Torchy's Tacos' Suit Against Texas Taco Co. Alleges Theft of Food-Prep Bible
Back in August, we reported on the anticipated opening of a new taco joint in Houston called Texas Taco Co. The Friendswood location was the third store set to open in Texas -- the other two are in Baytown and Magnolia -- and though it sounded like a delicious addition to the Houston-area restaurant scene, we and Eater noticed a striking similarity between the menu at Texas Taco Co. and the menu of another much-lauded Texas taco spot: Torchy's Tacos.
Photos from Torchy's Facebook and Texas Taco Co. Facebook Taco wars, not brought to you by the Food Network.
Apparently we weren't the only ones.
As soon as the first Texas Taco Co. opened, in Baytown, diners started sending messages to Torchy's asking, essentially, what's up with your new restaurant? People assumed, because of similarities between the two menus, that Texas Taco Co. was somehow affiliated with Torchy's.
For example, the Torchy's menu offers a breakfast taco called the "Monk Special," which is described as "'Hold the potatoes.' Eggs, bacon, green chilies & cheese. Served on your choice of tortilla."
Texas Taco Co. offers an "Alamo Special," described as "'Hold the potatoes.' Eggs, bacon, green chilies & cheese. Served on your choice of tortilla."
You see the issue?
Torchy's saw an issue, too, especially when people there remembered that back in March a former employee, Mario DeJesus, had allegedly stolen the Taco Bible, "a proprietary start-to-finish recipe and food process guide for all Torchy's food products." As a condition of employment with Torchy's, workers must sign papers agreeing not to disclose the confidential inner workings of Torchy's Tacos, including recipes.

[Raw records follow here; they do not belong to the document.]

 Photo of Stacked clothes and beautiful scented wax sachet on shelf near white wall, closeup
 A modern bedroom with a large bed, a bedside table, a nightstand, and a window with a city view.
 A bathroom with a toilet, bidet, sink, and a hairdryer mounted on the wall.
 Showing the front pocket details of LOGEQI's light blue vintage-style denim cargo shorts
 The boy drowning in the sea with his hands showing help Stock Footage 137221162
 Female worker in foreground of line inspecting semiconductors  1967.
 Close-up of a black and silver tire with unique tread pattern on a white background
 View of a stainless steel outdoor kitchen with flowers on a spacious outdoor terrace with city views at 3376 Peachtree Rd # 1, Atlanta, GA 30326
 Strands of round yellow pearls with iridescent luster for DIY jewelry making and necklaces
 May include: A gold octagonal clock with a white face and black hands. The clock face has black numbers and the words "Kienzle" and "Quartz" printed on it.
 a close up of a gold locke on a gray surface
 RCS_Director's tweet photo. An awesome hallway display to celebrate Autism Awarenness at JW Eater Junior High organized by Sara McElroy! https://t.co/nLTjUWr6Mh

Photo from Torchy's Tacos The Torchy's location at which the funny business supposedly went down.
DeJesus initially denied he had stolen the Taco Bible, but according to his testimony, Forrest Harrell, an employee at Torchy's, convinced DeJesus to admit he had taken the document and to return it. DeJesus told Harrell he would leave the book on top of a car in the parking lot of an Exxon station just south of the restaurant. Harrell was able to regain possession of the book, and DeJesus was fired.
Lawyers for the plaintiff discovered that shortly after he left Torchy's, DeJesus began working for Texas Taco Co., driving 40 miles from his home every day to do so. Lawyers for Torchy's argue that DeJesus wouldn't be making an 80-mile round-trip drive for work every day for his $10-an-hour paycheck. They believe he was employed by Texas Taco Co. prior to being fired and that he received a substantial amount of money from the owners of Texas Taco Co., ARK Dudes, in exchange for the proprietary information contained in the Taco Bible.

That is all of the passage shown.